I hate it when people call me “brave” for surviving being raped.

It’s been seven years since he took me to his dorm and after my saying “no” several times, him forcing himself on me. And it’s been seven years of hell.

I was told by the police that your boyfriend can’t rape you because you’re in a relationship and a relationship entails sex. I was told by “friends” that I was overeacting, and that I should give him a break. One of them said it’s been long enough – we’d been dating for over a month. The head of our department said I’m just trying to sabotage his grades because he’s better than me in most of our shared classes.

After what my aunt called “the fuss” had died down, people started telling me that I am strong. I am brave. People started telling me that I am not a victim, but a survivor. That I am stronger for having had this experience.

What.

The.

Fuck?

Yes, I am strong – because I have to be. Yes, I am a survivor – because I didn’t die (which many women who are raped do either after the attack, as a result of the attack, or committing suicide because they can’t live with it). But no. Don’t call me brave. I am not a better person as a result of having been raped.

Rape is a violation.
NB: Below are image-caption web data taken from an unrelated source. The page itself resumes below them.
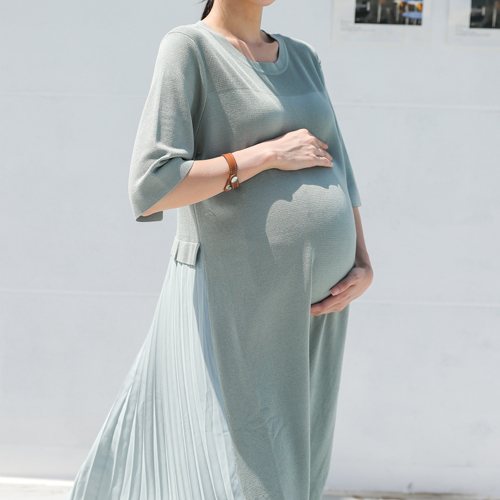 Maternity*Cool Lash Pleats Color Matching Maternity Dress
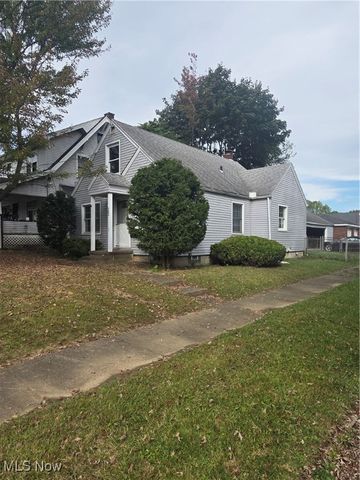 582 Roxbury Avenue, Youngstown, OH 44502
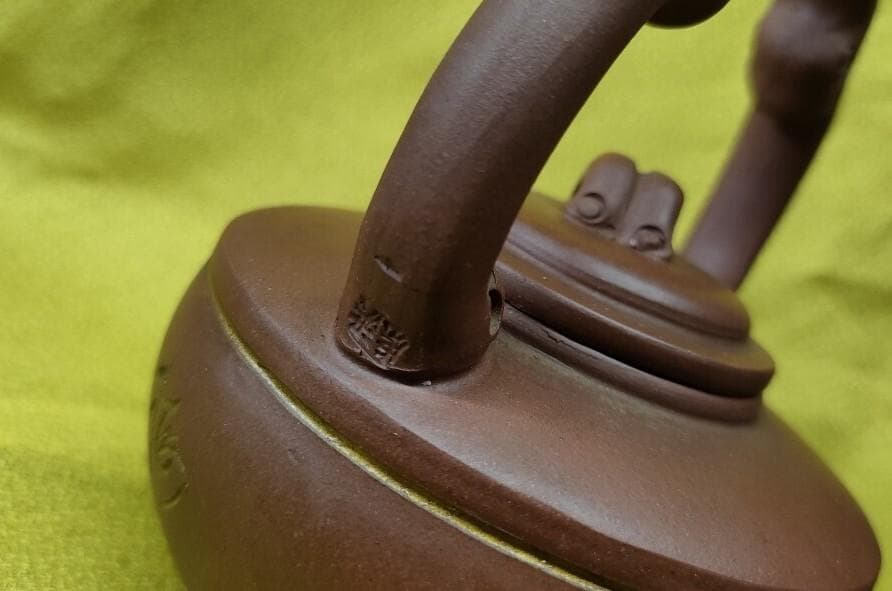 【中国古美術】 紫砂茶壷 急須 茶道具 茶器 湯沸 虎洪 伝統工芸 茶器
It’s a personal attack of one’s physicality, emotionality, and mental state. But calling me “brave” and all those positive meditation-drenched crap is denying the fact that it happened, and I am broken by it. Taking away victimhood in this instance makes it so much easier to deny the crime ever happened.

So stop it. Watch the language that you use. This was a fucking crime, and it was inflicted upon me by someone. It didn’t just happen to me like falling over my shoelaces. Say it out loud. Rape is a crime, and I am one of the many, many women who bear the scars of it.